En 1902, Plan prend connaissance de plusieurs documents inédits et compilés par Charles Marty-Laveaux (1823-1899), qu’il présente comme «le regretté savant à qui l’on doit la dernière et la meilleure édition de Rabelais». La majeure partie du travail de Marty-Laveaux est consacrée aux éditions des œuvres et aux critiques de Rabelais jusqu’à la fin du XIXe siècle. L’examen des documents de cet érudit entraîne Plan à modifier son approche. Dès lors, il décide d’exclure de sa «Bibliographie» les éditions des ouvrages rabelaisiens postérieures à 1711 et conçoit un projet supplémentaire : celui de «publier plus tard, sous le nom de leur auteur, et après les avoir augmentés et mis au point de [s]on mieux, les matériaux laissés par M. Ch. Marty Laveaux.» En 1904, Plan publie alors la «Bibliographie Rabelaisienne» qui se concentre sur les éditions des œuvres et des ouvrages relatifs à Rabelais de 1532 à 1711.

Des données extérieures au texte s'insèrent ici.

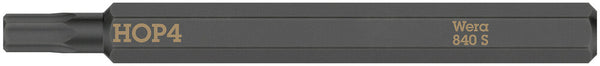 Wera 05018151001 840 S Hex-Plus bits for impact screwdrivers, 4 x 70 mm
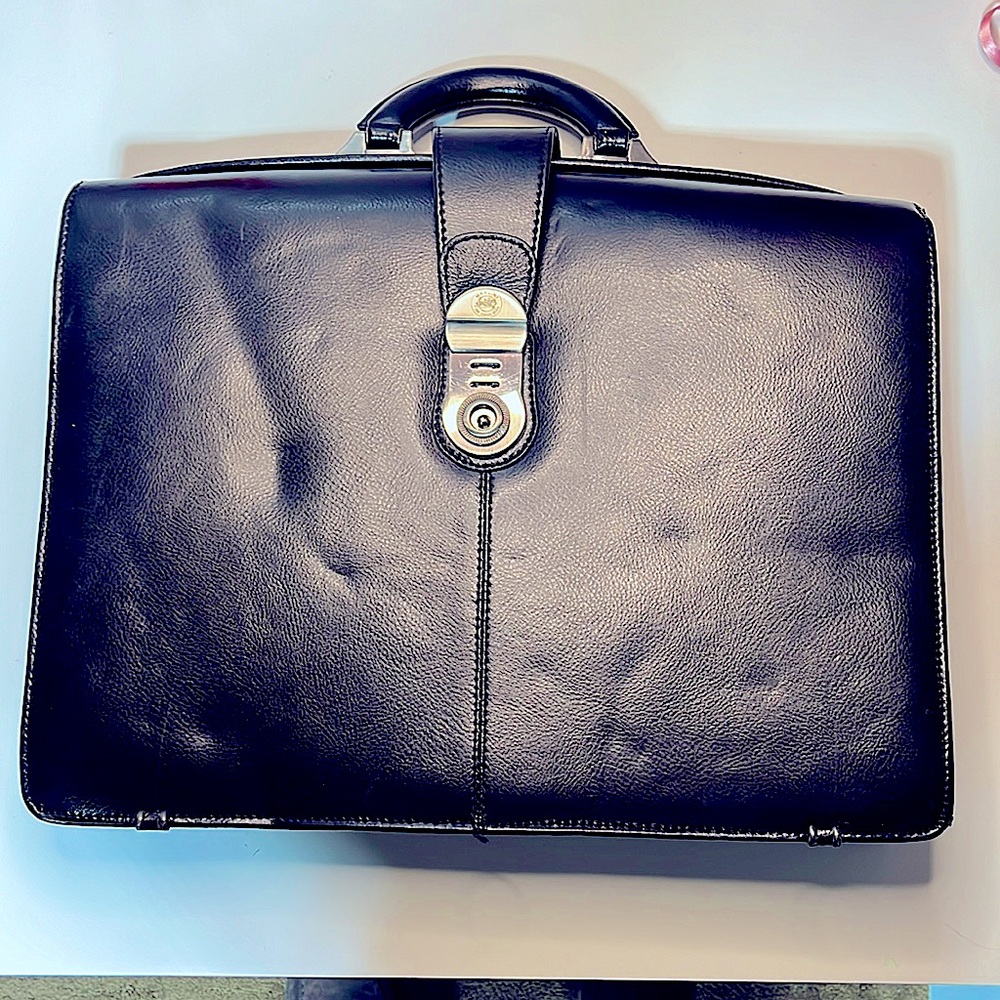 Mancini vintage style briefcase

Parmi les centaines de feuillets contenus dans ce dossier à la reliure de parchemin, figure en outre un hommage dactylographié de l’École des Chartes à Charles Marty-Laveaux. Pourquoi avoir conservé ce document au sein des brouillons bibliographiques ? Plan avait de fait un véritable intérêt pour ce grand rabelaisien ; de plus, l’hommage des Chartistes témoignait pour lui de la reconnaissance de Marty-Laveaux par ses pairs, autant pour sa passion du XVIe siècle que pour l’attention qu’il a portée à l’édition de Rabelais.
Le dernier feuillet du dossier préparatoire est un brouillon de lettre, daté de 1902 et adressé à Madame Marty-Laveaux, veuve de l’érudit. Dans ce court message, Plan regrette que la «Bibliographie» de Rabelais, établie par Marty-Laveaux, ne paraîtra pas en entier dans l’édition d’Alphonse Lemerre. Il lui annonce également qu’il rédige une «Bibliographie Rabelaisienne» et lui propose une rencontre afin qu’il puisse compléter les «nombreuses notes inachevées».
Plan décède en 1951 sans avoir publié les matériaux laissés par Marty-Laveaux. Demeurent alors sa «Bibliographie Rabelaisienne» de 1904 et avec elle, cet objet curieux, témoin du travail et des ambitions du bibliographe.